Smuggling takes place by mules who travel through airports with drugs or other products and via shipping, either by direct import and export or through a container. Freeports take in thousands of containers every day and it is impossible to check every single one of them. Custom officials usually scan a sample while the police would try to preempt the arrival of illegal cargo and honing in on particular cases they find suspicious. Someone who runs a large smuggling operation would send products in various containers and having one container caught would not impede the overall financial health of the illegal operation. This is why smuggling as a business is very difficult to abolish. Given the profits in the business are very high, despite the high risks, there will always be those who are desperate or totally stupid enough to attempt such daring feats.
We have been recently graced with the news of various successful criminals who made money by importing drugs in Malta such as Christian Borg and Mohammed Lilu, but there are many others, and what I am mostly interested in is those who have political links. In many cases, where smuggling becomes a big business, it becomes so with some help from official bodies that may close an eye on illegal activity or even be a participant in it. For example, Maltese oil smugglers bribed people in customs and Transport Malta in order to certify fake documents of the provenance of their oil.

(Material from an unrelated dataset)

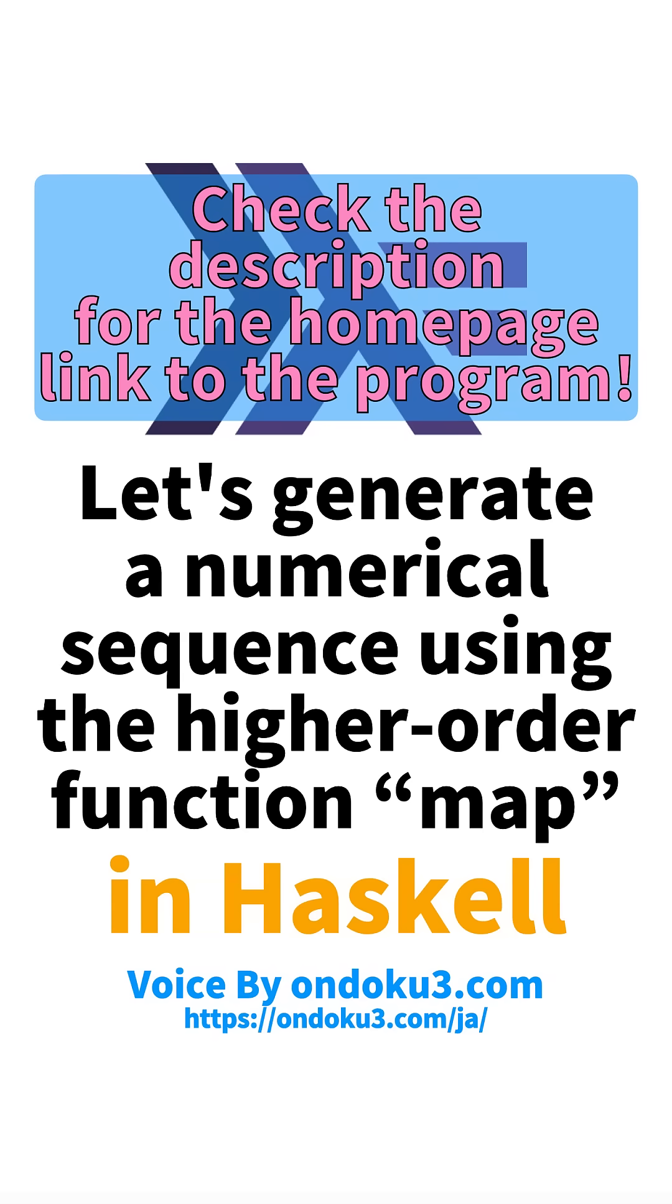This time, we will use the higher-order function map in Haskell to generate a numerical sequence.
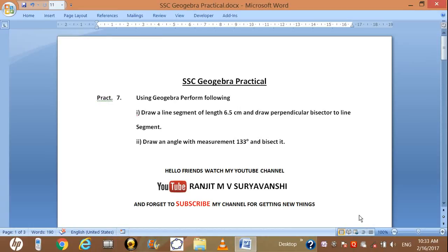Hello friends. Today we are learning practical number 7 of GeoGebra. We have two sub-practicals in practical number 7.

Jobs at the freeport and the airport and the customs department attract many criminals because they provide direct access to the infrastructure where smuggling takes place. On a higher level, bureaucrats and even politicians may want access to such infrastructure for their own smuggling operations. In Malta, we had a particular case and this was Mario Azzopardi, Chief of staff and previous Economy Minister, Chris Cardona, who was also responsible for the Freeport. Mario Azzopardi ensured to have his own men operating at the Freeport to run a multi-million Euro smuggling operation business of fake goods, drugs, and cigarettes from the Netherlands, Bulgaria, and even Russia. His operation is still ongoing today and Mario Azzopardi has laundered millions of US Dollars in foreign bank accounts with his operations.
Quite ingenious I would say to become the Chief of Staff of the Economy Minister to have access to the Freeport and run a smuggling operation. Daphne had also reported that Mario Azzopardi was the cousin of Police Commissioner Lawrence Cutajar.